Monday, July 31, 2006

Selective Awareness

My experience has been that there seem to be an infinite number of thoughts, impressions and fragments of thoughts 'floating' around in the ether just beyond my ordinary conscious awareness. The conscious awareness selectively notices particular thoughts and impressions and develops and follows conscious lines of thoughts based on this selective noticing and choosing.

This is similar to ordinary awareness of the environment and physical senses. In waking awareness, there are an infinite number of possible sense impressions on which one can focus. For example, with our peripheral vision, we can see and process the entire panorama. However, we focus on specific 'things' and this is what forms our conscious awareness, and subsequent memories (although our minds also subsequently distort the visual impressions, creating memories not necessarily based on actual physical experiences).

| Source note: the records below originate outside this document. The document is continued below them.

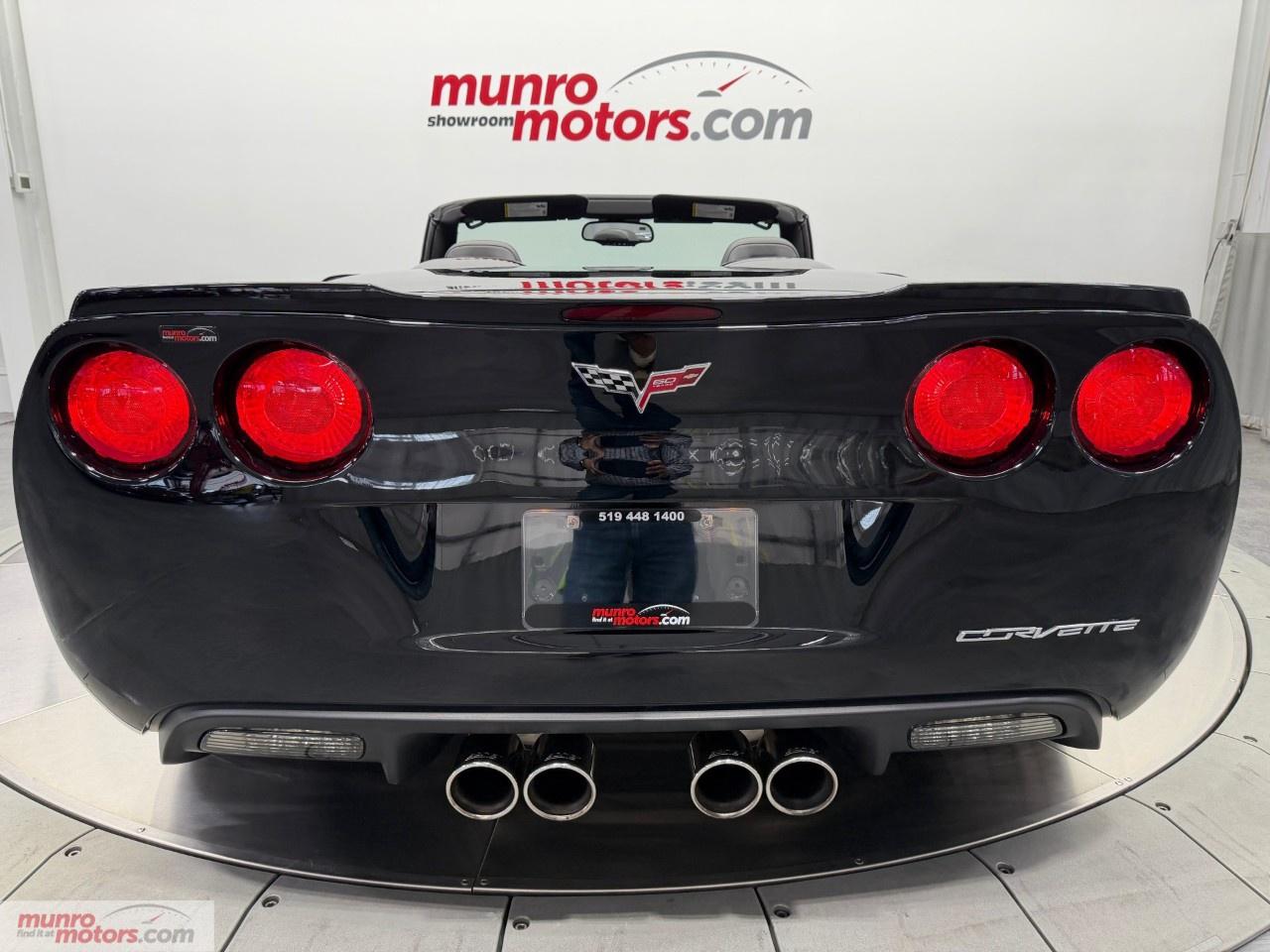 2013 Chevrolet Corvette Convertible Grand Sport 3LT Photo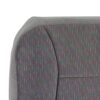 ford-bronco-xlt-cloth-1992-1996-opal-gray-front-driver-or-passenger-bottom-close-view-oem-replacement-seat-cover Ford Bronco XLT 1992-1996 - Housse de siège de remplacement OEM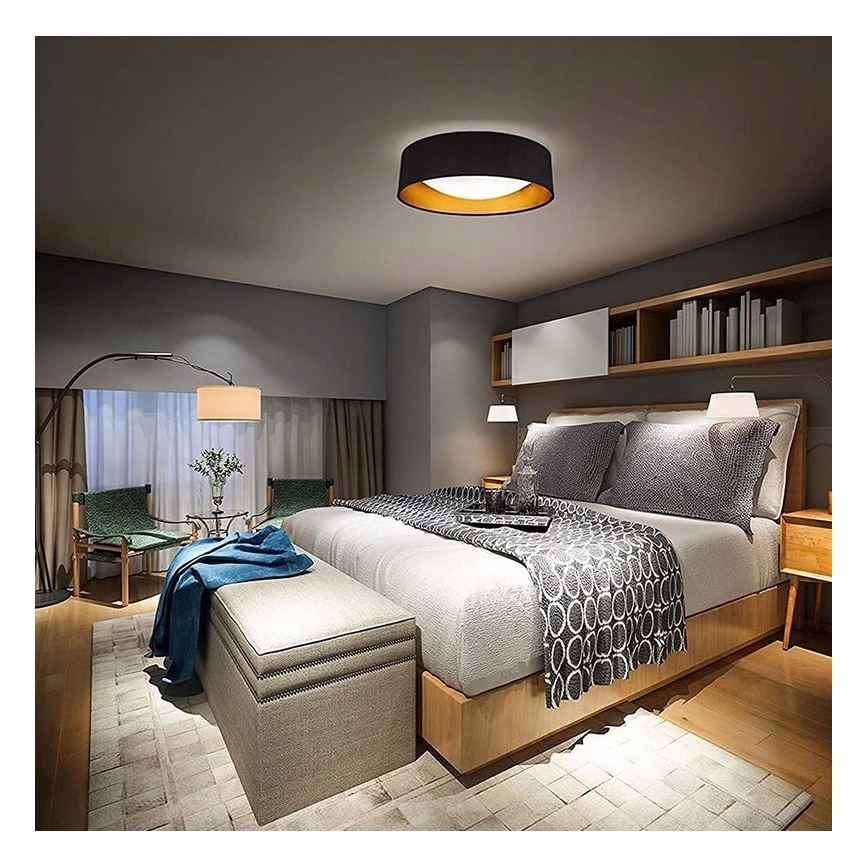 LED таванно осветително тяло 12W/230V 4000K, диаметър 32 см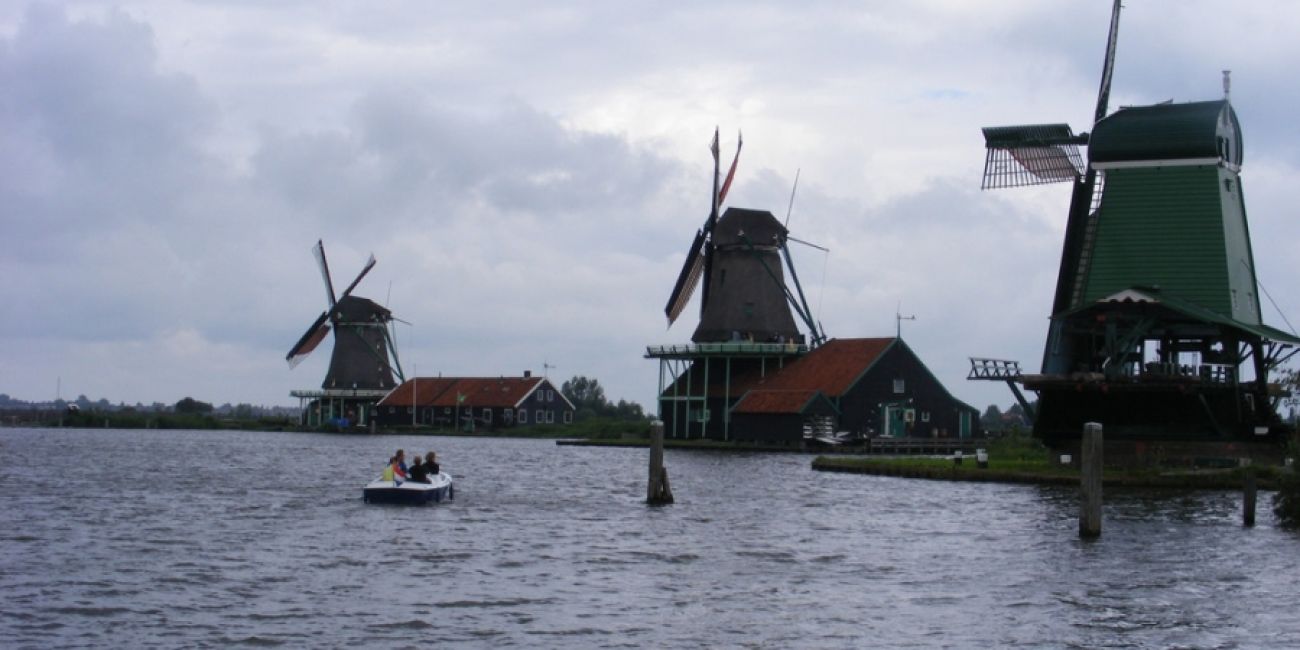 Vacanta de vara la Amsterdam cu avionul - Mic dejun Amsterdam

So as these infinite thoughts, thought fragments and thought combinations swirl around in the 'sub' conscious mind, we selectively notice particular thoughts and consciously develop them further.

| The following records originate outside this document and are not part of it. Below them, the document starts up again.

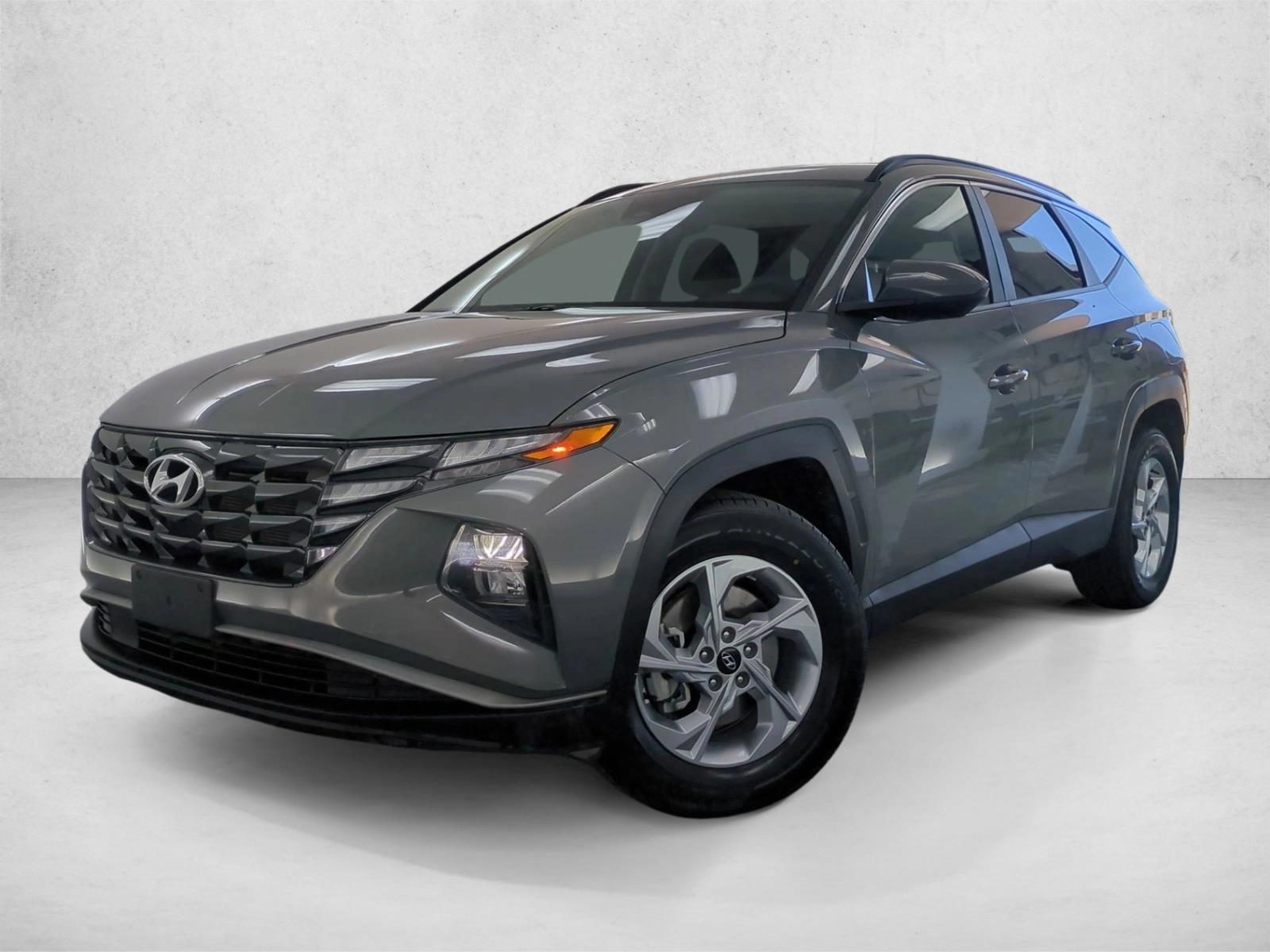 Thumbnail: 2024 Hyundai Tucson - 1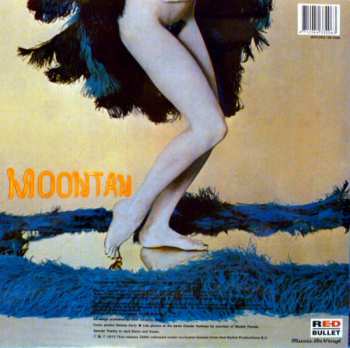 LP Golden Earring: Moontan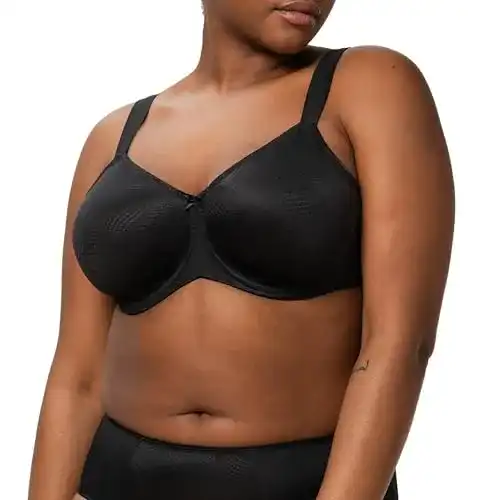 Triumph Essential Minimizer BH W X in Schwarz, Größe 70C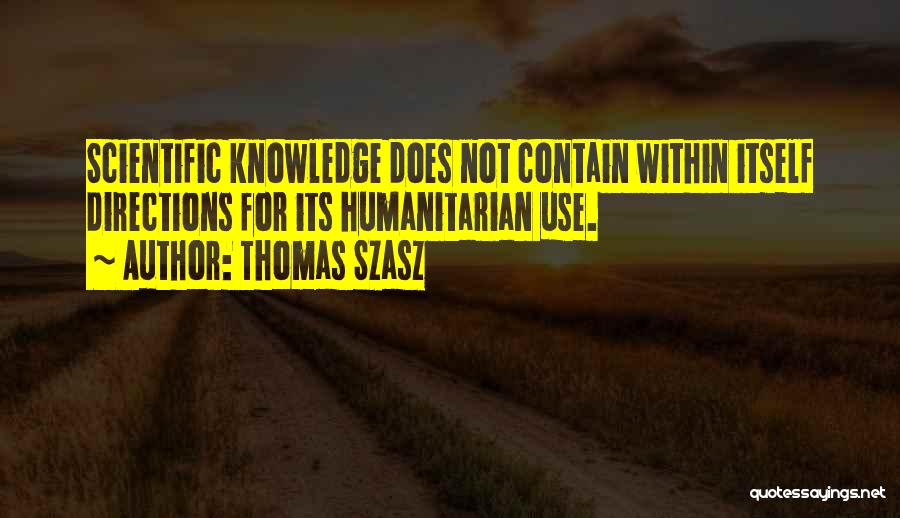 Thomas Szasz Quotes 107886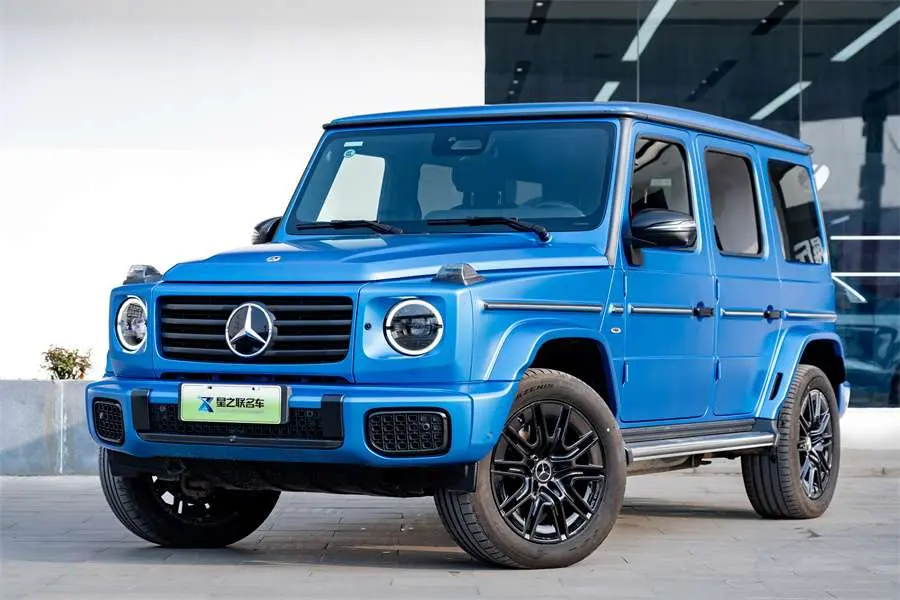 Mercedes-Benz G-Class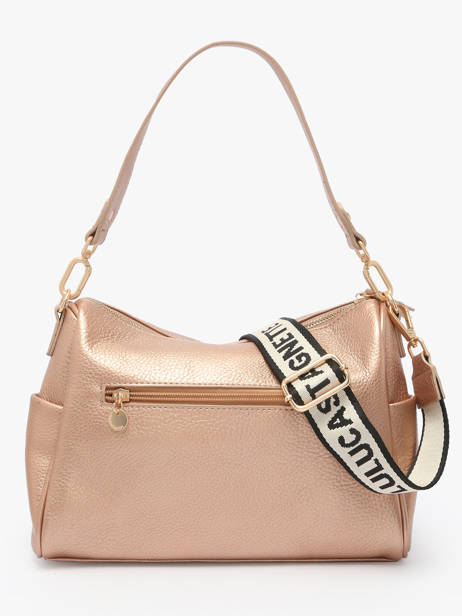 Shoulder Bag City Lulu castagnette Pink city YASIN other view 4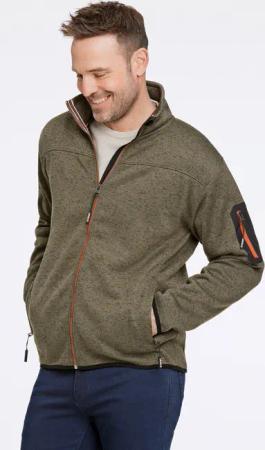 JACK’S Cardigan "JACKS Sweatshirt"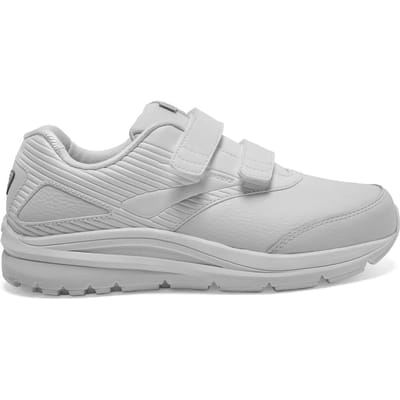 BROOKS ADDICTION WALKER V-STRAP 2 Women - Product Kleur: Wit / Product Maat: 35.5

Why do we 'choose' the thoughts we choose to follow?

Monday, July 10, 2006

if only I can make a perfect rakusu...

I've always been wary of adhering to any sort of belief system, but I've found little in Soto Zen to object to on that front. For me it's more about releasing attachment to beliefs than gaining new ones. I do wonder though whether some of the people I practice with are attached to the trappings of the practice - the ceremonies, the wearing of kimonos and kesas, the chanting in archaic Sino-Japanese. I wonder if they will eventually burn the raft of the dharma in order to achieve greater liberation or whether they will float around in circles anchored to the Buddha.

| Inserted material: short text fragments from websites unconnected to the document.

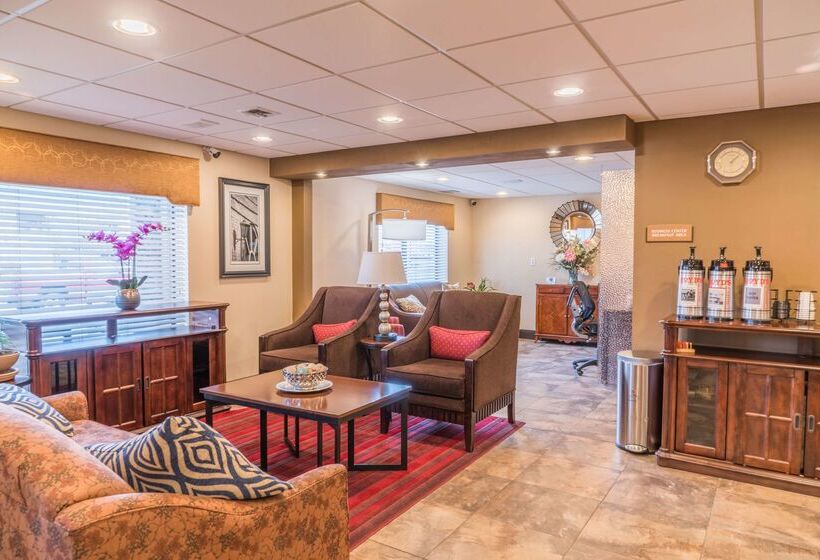 호텔 Best Western Inn & Suites
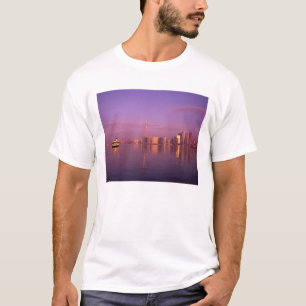 Camiseta Horizonte de Toronto, Ontário, Canadá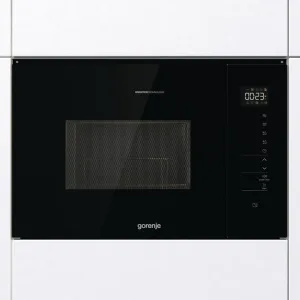 Микровълнова фурна за вграждане GORENJE BMI251SG3BG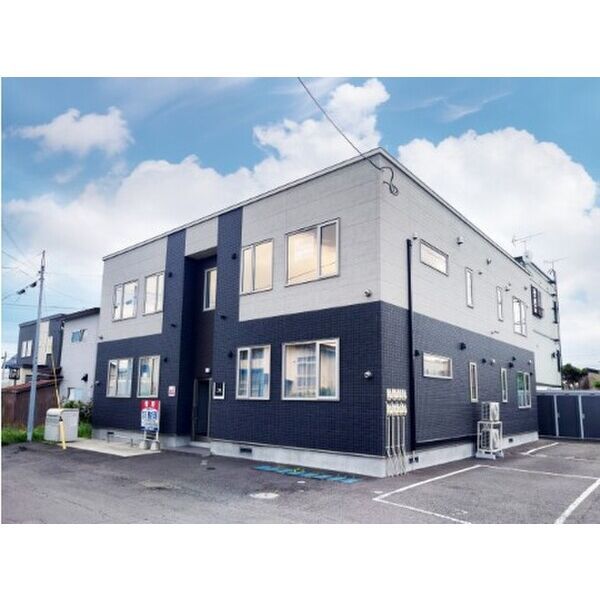 ブリエクオーレ千歳の外観画像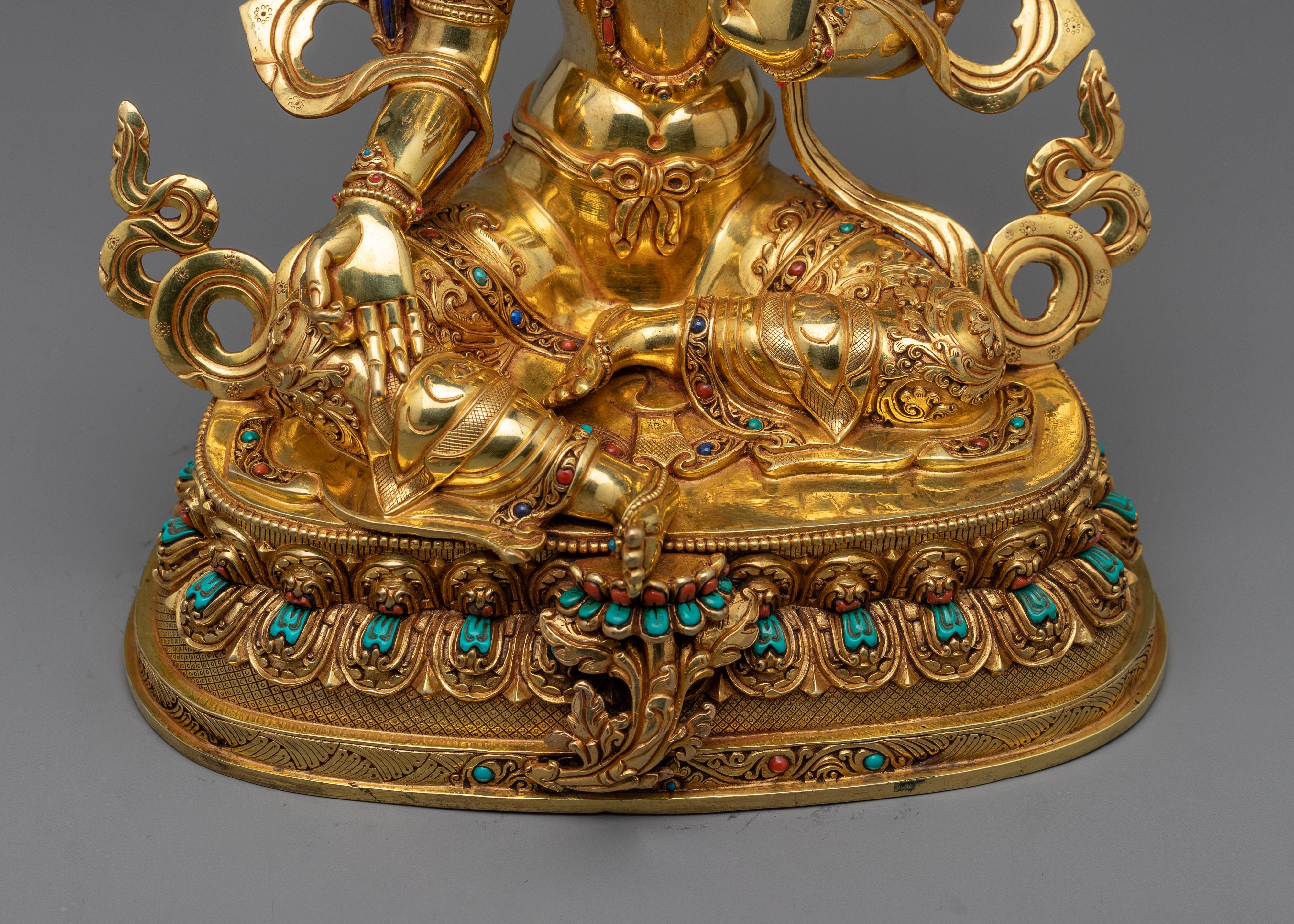 Diva Shyamatara Statue | Embrace the Essence of Divine Feminine Energy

I just go there to sit. The only time I wore a kimono was on an occasion when I was asked to lead a sitting - it seemed inappropriate not too. I do see usefulness in ritual acts in terms of mindfulness though. And I am sewing a rakusu.

However, I wonder whether this rakusu is just another useless attachment. When it is complete I don't know whether I will get ordained in it, give it away or destroy it. What would lead to the least attachment, bearing in mind that rejection is a form of attachment too? It's a sort of 'koan' for me right now. I'm damned if I do and damned if I don't. So I'm just focussing of practicing detachment - I'll just see what I do.

It seems possible to wear robes etc without attachment. For myself I wonder if it creates a sense of separation between ordinary life and spiritual life.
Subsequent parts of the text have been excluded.